- _PROBLEM_
A word-for-word restatement of the data is what is needed.

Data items
::::::::::
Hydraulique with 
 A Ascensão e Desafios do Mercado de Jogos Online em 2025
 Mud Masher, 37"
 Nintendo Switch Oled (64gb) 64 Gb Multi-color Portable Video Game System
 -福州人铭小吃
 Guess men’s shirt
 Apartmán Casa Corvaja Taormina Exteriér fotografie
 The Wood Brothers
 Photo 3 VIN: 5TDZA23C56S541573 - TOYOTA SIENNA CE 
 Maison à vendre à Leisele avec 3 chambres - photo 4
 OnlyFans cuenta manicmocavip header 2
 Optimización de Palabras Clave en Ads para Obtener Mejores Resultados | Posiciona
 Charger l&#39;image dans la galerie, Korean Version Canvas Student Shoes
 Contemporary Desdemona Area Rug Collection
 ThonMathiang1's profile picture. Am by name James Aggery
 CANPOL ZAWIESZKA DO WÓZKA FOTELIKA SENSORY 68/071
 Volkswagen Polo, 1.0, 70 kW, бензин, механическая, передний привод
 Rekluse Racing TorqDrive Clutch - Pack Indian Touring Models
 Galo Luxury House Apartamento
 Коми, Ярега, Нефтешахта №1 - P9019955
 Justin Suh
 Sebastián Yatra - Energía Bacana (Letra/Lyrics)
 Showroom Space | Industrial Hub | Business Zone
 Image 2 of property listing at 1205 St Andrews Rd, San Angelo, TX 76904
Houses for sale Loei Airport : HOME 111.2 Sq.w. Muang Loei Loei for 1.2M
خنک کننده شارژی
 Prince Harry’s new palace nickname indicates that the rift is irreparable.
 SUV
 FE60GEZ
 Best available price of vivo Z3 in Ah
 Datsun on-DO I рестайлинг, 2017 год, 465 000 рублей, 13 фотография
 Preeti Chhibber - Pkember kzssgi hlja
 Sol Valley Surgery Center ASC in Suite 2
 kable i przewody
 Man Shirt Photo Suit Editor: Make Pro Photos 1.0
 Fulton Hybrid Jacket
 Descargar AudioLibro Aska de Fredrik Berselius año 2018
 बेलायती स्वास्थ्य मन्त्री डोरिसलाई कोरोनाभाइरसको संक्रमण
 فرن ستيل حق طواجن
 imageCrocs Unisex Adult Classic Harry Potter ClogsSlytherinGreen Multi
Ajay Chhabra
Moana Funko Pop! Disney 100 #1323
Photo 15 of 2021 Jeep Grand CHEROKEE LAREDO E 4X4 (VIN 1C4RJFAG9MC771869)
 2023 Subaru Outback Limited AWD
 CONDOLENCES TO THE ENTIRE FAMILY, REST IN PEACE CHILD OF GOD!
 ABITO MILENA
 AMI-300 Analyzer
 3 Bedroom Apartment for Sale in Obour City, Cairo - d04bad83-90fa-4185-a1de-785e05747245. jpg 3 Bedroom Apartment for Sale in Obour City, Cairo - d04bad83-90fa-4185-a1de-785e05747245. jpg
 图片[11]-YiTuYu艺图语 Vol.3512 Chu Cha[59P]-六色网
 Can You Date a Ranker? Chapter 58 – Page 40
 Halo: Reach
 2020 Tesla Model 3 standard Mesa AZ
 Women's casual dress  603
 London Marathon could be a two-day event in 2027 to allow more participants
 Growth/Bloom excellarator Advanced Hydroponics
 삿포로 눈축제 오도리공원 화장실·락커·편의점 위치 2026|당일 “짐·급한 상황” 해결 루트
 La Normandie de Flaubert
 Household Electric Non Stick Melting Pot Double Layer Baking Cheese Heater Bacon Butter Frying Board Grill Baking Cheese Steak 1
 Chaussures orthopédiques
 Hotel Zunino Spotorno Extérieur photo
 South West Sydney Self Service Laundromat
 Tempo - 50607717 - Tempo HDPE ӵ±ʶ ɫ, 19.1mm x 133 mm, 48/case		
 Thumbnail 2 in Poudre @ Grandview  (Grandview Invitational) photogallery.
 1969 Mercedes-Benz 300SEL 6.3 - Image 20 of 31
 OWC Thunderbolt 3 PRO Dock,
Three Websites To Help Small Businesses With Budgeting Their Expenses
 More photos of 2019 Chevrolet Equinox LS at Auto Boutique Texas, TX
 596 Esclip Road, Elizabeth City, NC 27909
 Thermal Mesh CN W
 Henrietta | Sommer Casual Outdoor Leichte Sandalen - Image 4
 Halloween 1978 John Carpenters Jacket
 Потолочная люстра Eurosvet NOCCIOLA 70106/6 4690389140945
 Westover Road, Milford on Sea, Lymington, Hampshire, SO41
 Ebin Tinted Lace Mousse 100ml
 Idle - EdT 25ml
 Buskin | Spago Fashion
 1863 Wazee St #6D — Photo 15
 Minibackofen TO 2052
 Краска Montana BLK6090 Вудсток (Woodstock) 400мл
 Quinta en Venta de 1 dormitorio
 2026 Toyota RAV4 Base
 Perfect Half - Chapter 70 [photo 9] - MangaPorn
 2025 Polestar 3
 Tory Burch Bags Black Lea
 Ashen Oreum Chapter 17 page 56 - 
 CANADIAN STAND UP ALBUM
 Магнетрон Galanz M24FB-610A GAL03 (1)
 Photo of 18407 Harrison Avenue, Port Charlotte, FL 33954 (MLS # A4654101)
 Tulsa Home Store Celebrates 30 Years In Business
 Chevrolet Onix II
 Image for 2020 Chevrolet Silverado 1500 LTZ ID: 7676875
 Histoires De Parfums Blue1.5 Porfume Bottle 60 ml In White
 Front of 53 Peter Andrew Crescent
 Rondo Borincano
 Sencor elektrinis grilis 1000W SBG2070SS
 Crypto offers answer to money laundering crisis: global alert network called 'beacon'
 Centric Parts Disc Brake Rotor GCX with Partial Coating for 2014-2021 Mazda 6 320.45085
::::::::::
- _ANSWER AREA_
Hydraulique with 
 A Ascensão e Desafios do Mercado de Jogos Online em 2025
 Mud Masher, 37"
 Nintendo Switch Oled (64gb) 64 Gb Multi-color Portable Video Game System
 -福州人铭小吃
 Guess men’s shirt
 Apartmán Casa Corvaja Taormina Exteriér fotografie
 The Wood Brothers
 Photo 3 VIN: 5TDZA23C56S541573 - TOYOTA SIENNA CE 
 Maison à vendre à Leisele avec 3 chambres - photo 4
 OnlyFans cuenta manicmocavip header 2
 Optimización de Palabras Clave en Ads para Obtener Mejores Resultados | Posiciona
 Charger l&#39;image dans la galerie, Korean Version Canvas Student Shoes
 Contemporary Desdemona Area Rug Collection
 ThonMathiang1's profile picture. Am by name James Aggery
 CANPOL ZAWIESZKA DO WÓZKA FOTELIKA SENSORY 68/071
 Volkswagen Polo, 1.0, 70 kW, бензин, механическая, передний привод
 Rekluse Racing TorqDrive Clutch - Pack Indian Touring Models
 Galo Luxury House Apartamento
 Коми, Ярега, Нефтешахта №1 - P9019955
 Justin Suh
 Sebastián Yatra - Energía Bacana (Letra/Lyrics)
 Showroom Space | Industrial Hub | Business Zone
 Image 2 of property listing at 1205 St Andrews Rd, San Angelo, TX 76904
Houses for sale Loei Airport : HOME 111.2 Sq.w. Muang Loei Loei for 1.2M
خنک کننده شارژی
 Prince Harry’s new palace nickname indicates that the rift is irreparable.
 SUV
 FE60GEZ
 Best available price of vivo Z3 in Ah
 Datsun on-DO I рестайлинг, 2017 год, 465 000 рублей, 13 фотография
 Preeti Chhibber - Pkember kzssgi hlja
 Sol Valley Surgery Center ASC in Suite 2
 kable i przewody
 Man Shirt Photo Suit Editor: Make Pro Photos 1.0
 Fulton Hybrid Jacket
 Descargar AudioLibro Aska de Fredrik Berselius año 2018
 बेलायती स्वास्थ्य मन्त्री डोरिसलाई कोरोनाभाइरसको संक्रमण
 فرن ستيل حق طواجن
 imageCrocs Unisex Adult Classic Harry Potter ClogsSlytherinGreen Multi
Ajay Chhabra
Moana Funko Pop! Disney 100 #1323
Photo 15 of 2021 Jeep Grand CHEROKEE LAREDO E 4X4 (VIN 1C4RJFAG9MC771869)
 2023 Subaru Outback Limited AWD
 CONDOLENCES TO THE ENTIRE FAMILY, REST IN PEACE CHILD OF GOD!
 ABITO MILENA
 AMI-300 Analyzer
 3 Bedroom Apartment for Sale in Obour City, Cairo - d04bad83-90fa-4185-a1de-785e05747245. jpg 3 Bedroom Apartment for Sale in Obour City, Cairo - d04bad83-90fa-4185-a1de-785e05747245. jpg
 图片[11]-YiTuYu艺图语 Vol.3512 Chu Cha[59P]-六色网
 Can You Date a Ranker? Chapter 58 – Page 40
 Halo: Reach
 2020 Tesla Model 3 standard Mesa AZ
 Women's casual dress  603
 London Marathon could be a two-day event in 2027 to allow more participants
 Growth/Bloom excellarator Advanced Hydroponics
 삿포로 눈축제 오도리공원 화장실·락커·편의점 위치 2026|당일 “짐·급한 상황” 해결 루트
 La Normandie de Flaubert
 Household Electric Non Stick Melting Pot Double Layer Baking Cheese Heater Bacon Butter Frying Board Grill Baking Cheese Steak 1
 Chaussures orthopédiques
 Hotel Zunino Spotorno Extérieur photo
 South West Sydney Self Service Laundromat
 Tempo - 50607717 - Tempo HDPE ӵ±ʶ ɫ, 19.1mm x 133 mm, 48/case		
 Thumbnail 2 in Poudre @ Grandview  (Grandview Invitational) photogallery.
 1969 Mercedes-Benz 300SEL 6.3 - Image 20 of 31
 OWC Thunderbolt 3 PRO Dock,
Three Websites To Help Small Businesses With Budgeting Their Expenses
 More photos of 2019 Chevrolet Equinox LS at Auto Boutique Texas, TX
 596 Esclip Road, Elizabeth City, NC 27909
 Thermal Mesh CN W
 Henrietta | Sommer Casual Outdoor Leichte Sandalen - Image 4
 Halloween 1978 John Carpenters Jacket
 Потолочная люстра Eurosvet NOCCIOLA 70106/6 4690389140945
 Westover Road, Milford on Sea, Lymington, Hampshire, SO41
 Ebin Tinted Lace Mousse 100ml
 Idle - EdT 25ml
 Buskin | Spago Fashion
 1863 Wazee St #6D — Photo 15
 Minibackofen TO 2052
 Краска Montana BLK6090 Вудсток (Woodstock) 400мл
 Quinta en Venta de 1 dormitorio
 2026 Toyota RAV4 Base
 Perfect Half - Chapter 70 [photo 9] - MangaPorn
 2025 Polestar 3
 Tory Burch Bags Black Lea
 Ashen Oreum Chapter 17 page 56 - 
 CANADIAN STAND UP ALBUM
 Магнетрон Galanz M24FB-610A GAL03 (1)
 Photo of 18407 Harrison Avenue, Port Charlotte, FL 33954 (MLS # A4654101)
 Tulsa Home Store Celebrates 30 Years In Business
 Chevrolet Onix II
 Image for 2020 Chevrolet Silverado 1500 LTZ ID: 7676875
 Histoires De Parfums Blue1.5 Porfume Bottle 60 ml In White
 Front of 53 Peter Andrew Crescent
 Rondo Borincano
 Sencor elektrinis grilis 1000W SBG2070SS
 Crypto offers answer to money laundering crisis: global alert network called 'beacon'
 Centric Parts Disc Brake Rotor GCX with Partial Coating for 2014-2021 Mazda 6 320.45085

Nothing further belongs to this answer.